I'd like to talk about my personal experience with running a patchwork version of Time Freeze, as well as an alternate ability I invented that may be a possible use of the revised Time Freeze, called Haste. The Time Freeze I came up with works as follows:
You have the amazing ability to freeze time or freeze others in time. If you want to freeze time for a specific period of time, roll your Time Freeze dice against the appropriate DN.
Trying to Freeze Time for…
- 10 seconds (out of combat): DN 2
- 30 seconds (out of combat): DN 4
- 1 round (in combat) or 1 minutes (out of combat): DN 6
- 2 rounds (in combat) or 3 minutes (out of combat): DN 8
- 3 rounds (in combat) or 10 minutes (out of combat): DN 10
- 4 rounds (in combat) or 30 minutes (out of combat): DN 12
- 5 rounds (in combat) or 1 hour (out of combat): DN 15
If you attempt to freeze time in combat, you can do nothing else for that entire round, but can act on your next round. When freezing time outside of combat, you spend one-third of your maximum Endurance when the time has elapsed, and this Endurance cannot be recovered until the end of the adventure or at the Game Master’s discretion. You can also elect to freeze a target in time in combat; the DN for doing so is one step lower than freezing time itself (so freezing a target for 3 rounds will have a DN of 8, rather than 10). If you can see the target, you can freeze him.
The Haste ability simply reduces the multiple action penalty by its bonus.

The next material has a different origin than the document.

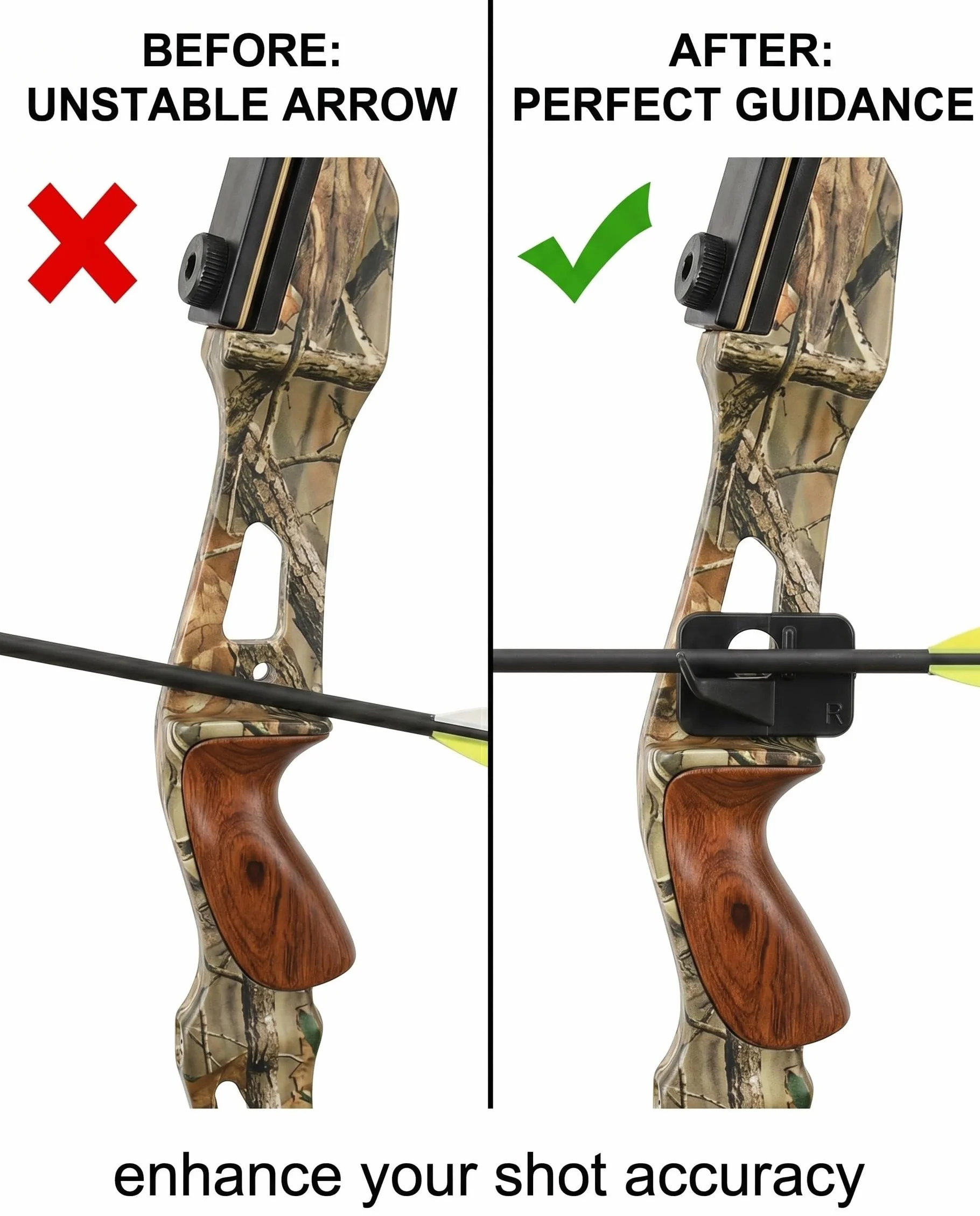 Repose-Flèche Droitier Accessoires de Tir à l'Arc – Support de Flèche Adhésif en Plastique Noir pour Arc Recurve et Compound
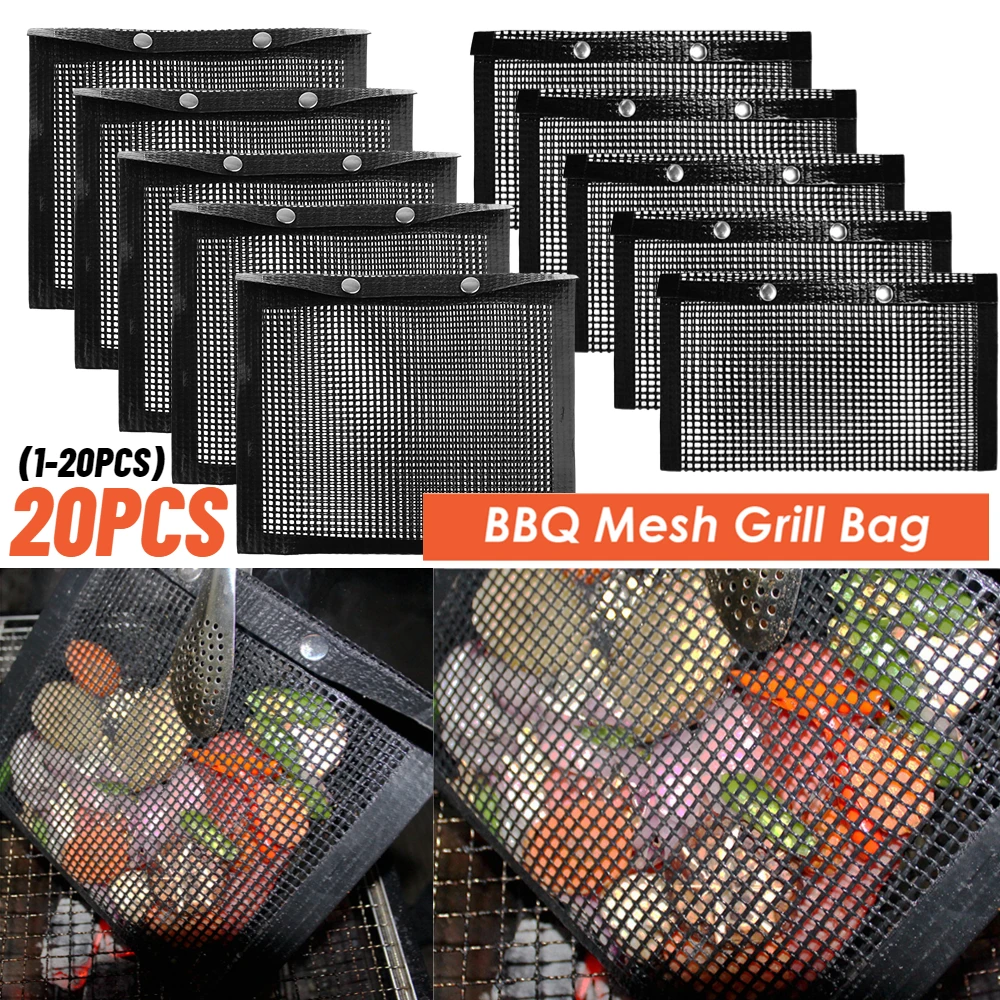 NonStickMeshGrillBagBarbecueMatReusableBBQGrillMatVegetable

For my Jade Empire campaign, the main hero has Time Freeze +2 (the version I posted) and Haste +2. The Time Freeze in the setting represents the character's ability to go into "Focus" mode, which is similar to when time slows in the Matrix and you get to kick the crap out of someone because you're moving so much faster than they are. Now, one of my player's favorite strategies is to use Time Freeze (for 3 rounds, DN 10) in conjunction with using three attacks per round (which would be a -1 multiple action penalty, due to Haste +2). His attack dice pool is 5, but he can boost it up to 7 by sacrificing 2 dice from his defense pool (an additional house rule I implemented), and more often than not, he pulls that DN of 10. By the time all of his actions are done, whatever he was fighting (whether it is a "heroic" villain or a bunch of extras) is completely decimated, or on their last legs.
Just wanted to let everyone know that using Time Freeze like this, especially along with this Haste ability I invented, is a big red flag, especially when you mix in a method of modifying your combat bonuses by trade-off. To Clay, I don't know how the upcoming Time Freeze is going to be, but I hope you have a good balancing mechanism in place or that you've playtested the heck out of problematic abilities such as Time Freeze and Invisibility without an Endurance expenditure to reign it in.

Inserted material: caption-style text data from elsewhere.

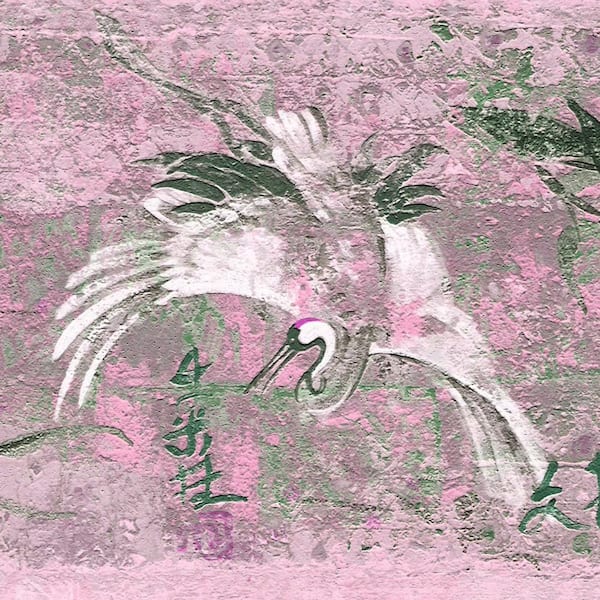 Dundee Deco Falkirk Dandy II White Pink Birds Abstract Peel and Stick Wallpaper Border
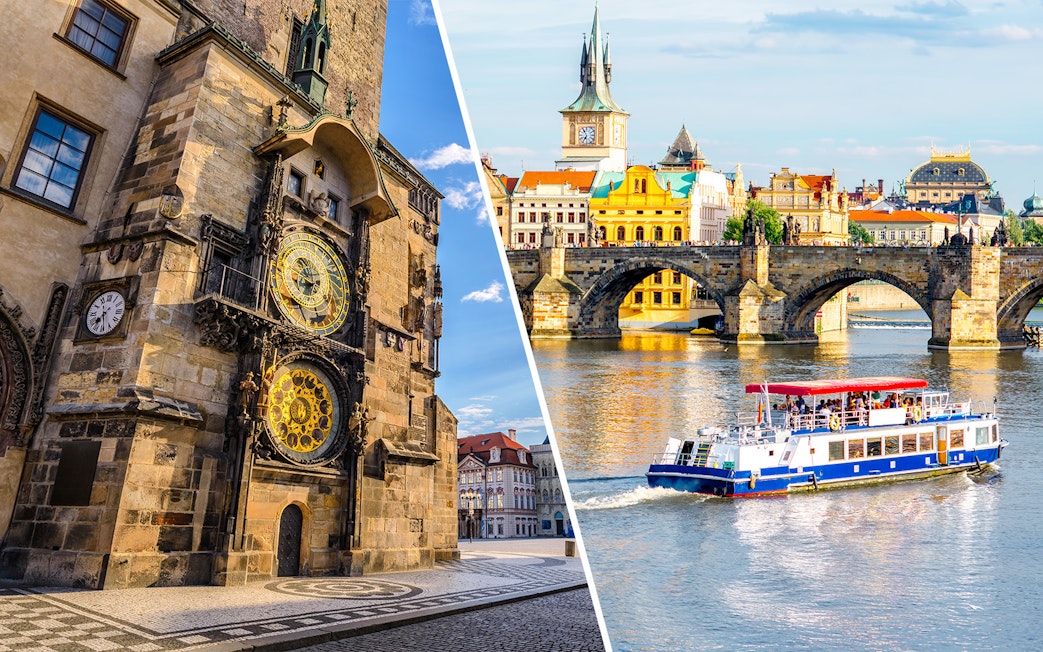 Astronomical Clock in Prague and a boat on the Vltava River near Charles Bridge.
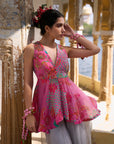 Gul Pink Peplum Sharara Set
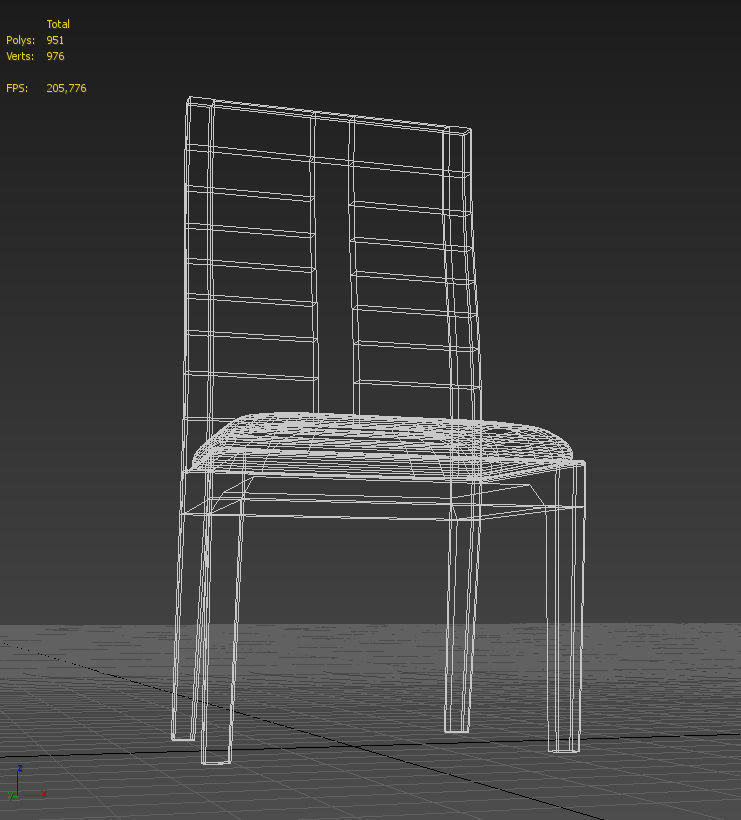 Padded wooden dining chair 3D model_18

Posted: Thu Feb 18, 2010 11:20 pm
by Clay
Typically, I avoid posting the new rules verbatim, but since I wouldn't mind input on these matters...
Time Freeze - Time is constant…or was until you came along. You have the ability to slow or even freeze the flow of time. For each Level in Time Freeze, you gain an equivalent bonus in all tests of speed and quickness – or a penalty to those of your opponents’. While this Ability requires you to perform an action in Combat, you may offset the Multiple Actions penalty by an amount equal to your Level in Time Freeze.
Invisibility - Now you see you, now you don’t. You have the ability to obscure yourself, and whatever you are wearing or holding, from view. Attempts to spot, attack, or otherwise interact with you suffer a Penalty equal to your Level in Invisibility. At Level 1, you are not truly invisible, just more difficult to notice. It could be a mind trick or a form of camouflage. At Level 2, you are even harder to see. Perhaps you can transform into a shadow, or special gear bends the light around you. At Level 3, you can become completely invisible. However, others may still be able to discern your presence through sound or smell, or through interactions with the environment, like footprints in the sand or waves in the stream. At Level 4, you become invisible to other senses as well, including smell and hearing. At Level 5, you are completely undetectable, and do not even affect the surrounding environment – unless you want to.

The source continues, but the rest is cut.